Further, I've also written a client tester/simulator specifically for this case, to simulate networks of (arbitrary) clients and test various aspects of them in a client-independent and even tester-independent way. The tester is called hive and already has two DAO hard-fork tests covering extra-data rules and mid-fork P2P network splits.

Member

karalabe commented Jul 11, 2016

@julian1 Yes, it would be better to have generic selectivity. There are plans already to extend the discovery protocol (these are very old plans, no idea when they'll get implemented) + a nicer solutions would be to modify the eth protocol's handshake to include these sanity checks.
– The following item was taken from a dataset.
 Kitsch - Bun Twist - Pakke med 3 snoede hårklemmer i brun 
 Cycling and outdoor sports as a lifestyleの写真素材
The reason for this quick hack is because we don't have time to do a P2P upgrade. In its current form it is fully eth compliant to a later protocol extension would still play nicely with older peers not updating.
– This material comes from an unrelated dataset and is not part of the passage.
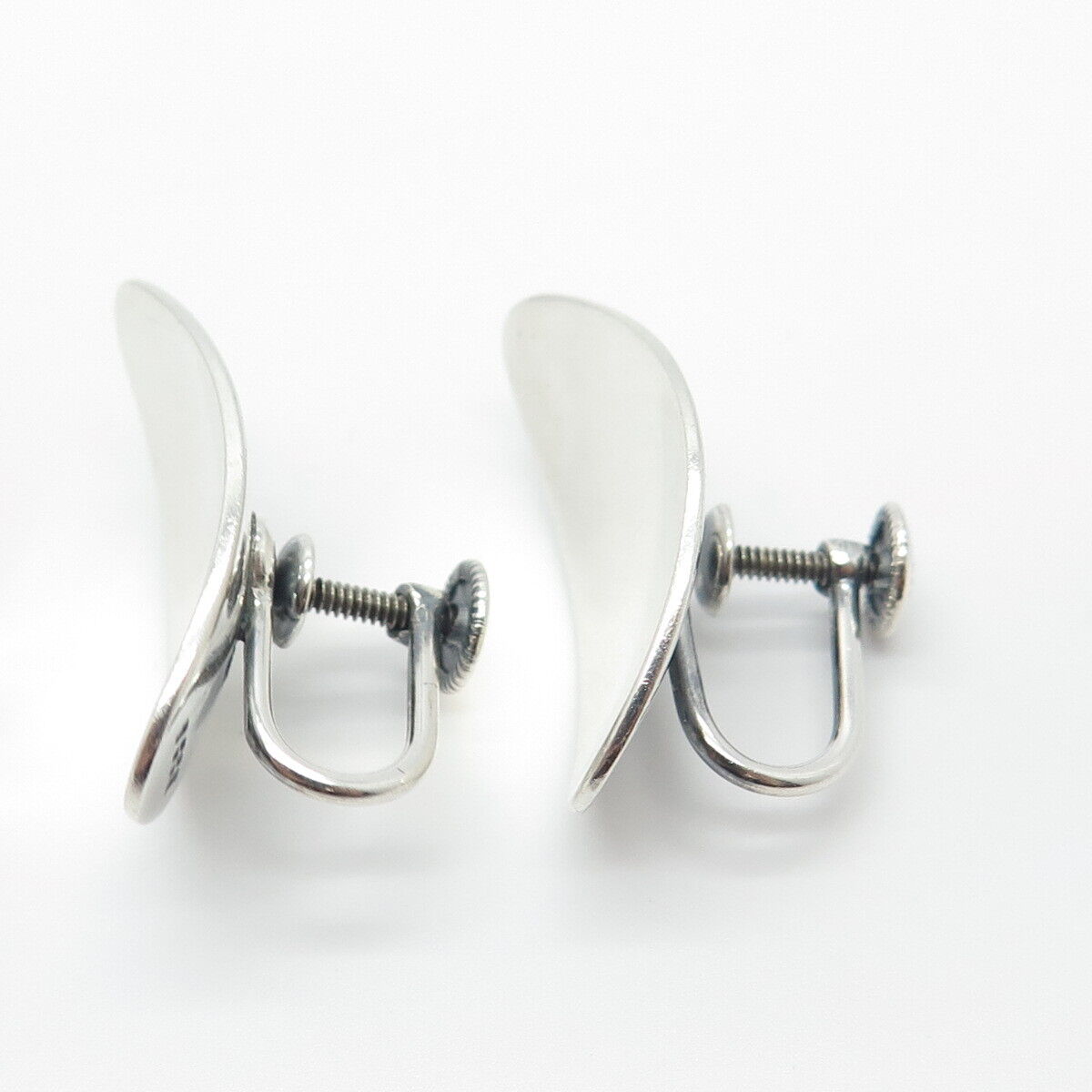 925 Sterling Silver Vintage Ossa Concave Modernist Screw Back Earrings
No, a node operator shouldn't be able to relay transactions for both networks. Sooner or later those will not be compatible (i.e. non-executable transactions), which would just burden each others' networks. Is there a particular reason it's desirable?

@julian1 @whatisgravity We always have in mind that clients might lie. In this particular case, a client may lie, will get connected, but at a consensus level will not be able to feed junk because of the header extra-data section validations. Think of this check similar to CORS: the idea is to prevent nodes en-mass to make cross-network connections, causing strange anomalies. You can of course do that with your particular node(s), but as long as the majority plays nice, a few bad apples can't cause too big issues.

The geth is the primary client, you should not be making it so specific, you should be making it generic as possible. Making it easier to work with private networks so proper testing is easier to accomplish.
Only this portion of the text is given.